Artificial Intelligence , Machine Learning and Data Science Hubspot

Unlock the Power of Artificial Intelligence, Machine Learning, and Data Science with our Blog Discover the latest insights, trends, and innovations in Artificial Intelligence (AI), Machine Learning (ML), and Data Science through our informative and engaging Hubspot blog. Gain a deep understanding of how these transformative technologies are shaping industries and revolutionizing the way we work. Stay updated with cutting-edge advancements, practical applications, and real-world use.

Thursday, 31 October 2024

Stacked Long Short-Term Memory Networks

Gentle introduction to the Stacked LSTM
with example code in Python.

The original LSTM model is comprised of a single hidden LSTM layer followed by a standard feedforward output layer.

The Stacked LSTM is an extension to this model that has multiple hidden LSTM layers where each layer contains multiple memory cells.

In this post, you will discover the Stacked LSTM model architecture.

After completing this tutorial, you will know:

The benefit of deep neural network architectures.
The Stacked LSTM recurrent neural network architecture.

How to implement stacked LSTMs in Python with Keras.

Overview

This post is divided into 3 parts, they are:

Why Increase Depth?
Stacked LSTM Architecture
Implement Stacked LSTMs in Keras

Why Increase Depth?

Stacking LSTM hidden layers makes the model deeper, more accurately earning the description as a deep learning technique.

It is the depth of neural networks that is generally attributed to the success of the approach on a wide range of challenging prediction problems.

[the success of deep neural networks] is commonly attributed to the hierarchy that is introduced due to the several layers. Each layer processes some part of the task we wish to solve, and passes it on to the next. In this sense, the DNN can be seen as a processing pipeline, in which each layer solves a part of the task before passing it on to the next, until finally the last layer provides the output.

— Training and Analyzing Deep Recurrent Neural Networks, 2013

Additional hidden layers can be added to a Multilayer Perceptron neural network to make it deeper. The additional hidden layers are understood to recombine the learned representation from prior layers and create new representations at high levels of abstraction. For example, from lines to shapes to objects.

A sufficiently large single hidden layer Multilayer Perceptron can be used to approximate most functions. Increasing the depth of the network provides an alternate solution that requires fewer neurons and trains faster. Ultimately, adding depth it is a type of representational optimization.

Deep learning is built around a hypothesis that a deep, hierarchical model can be exponentially more efficient at representing some functions than a shallow one.

— How to Construct Deep Recurrent Neural Networks, 2013.

Stacked LSTM Architecture

The same benefits can be harnessed with LSTMs.

Given that LSTMs operate on sequence data, it means that the addition of layers adds levels of abstraction of input observations over time. In effect, chunking observations over time or representing the problem at different time scales.

… building a deep RNN by stacking multiple recurrent hidden states on top of each other. This approach potentially allows the hidden state at each level to operate at different timescale

— How to Construct Deep Recurrent Neural Networks, 2013

Stacked LSTMs or Deep LSTMs were introduced by Graves, et al. in their application of LSTMs to speech recognition, beating a benchmark on a challenging standard problem.

RNNs are inherently deep in time, since their hidden state is a function of all previous hidden states.

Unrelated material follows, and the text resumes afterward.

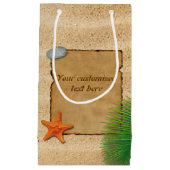 砂の背景の羊皮紙 – 小抱き枕 スモールペーパーバッグ (正面)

The question that inspired this paper was whether RNNs could also benefit from depth in space; that is from stacking multiple recurrent hidden layers on top of each other, just as feedforward layers are stacked in conventional deep networks.

— Speech Recognition With Deep Recurrent Neural Networks, 2013

In the same work, they found that the depth of the network was more important than the number of memory cells in a given layer to model skill.

Stacked LSTMs are now a stable technique for challenging sequence prediction problems. A Stacked LSTM architecture can be defined as an LSTM model comprised of multiple LSTM layers. An LSTM layer above provides a sequence output rather than a single value output to the LSTM layer below. Specifically, one output per input time step, rather than one output time step for all input time steps.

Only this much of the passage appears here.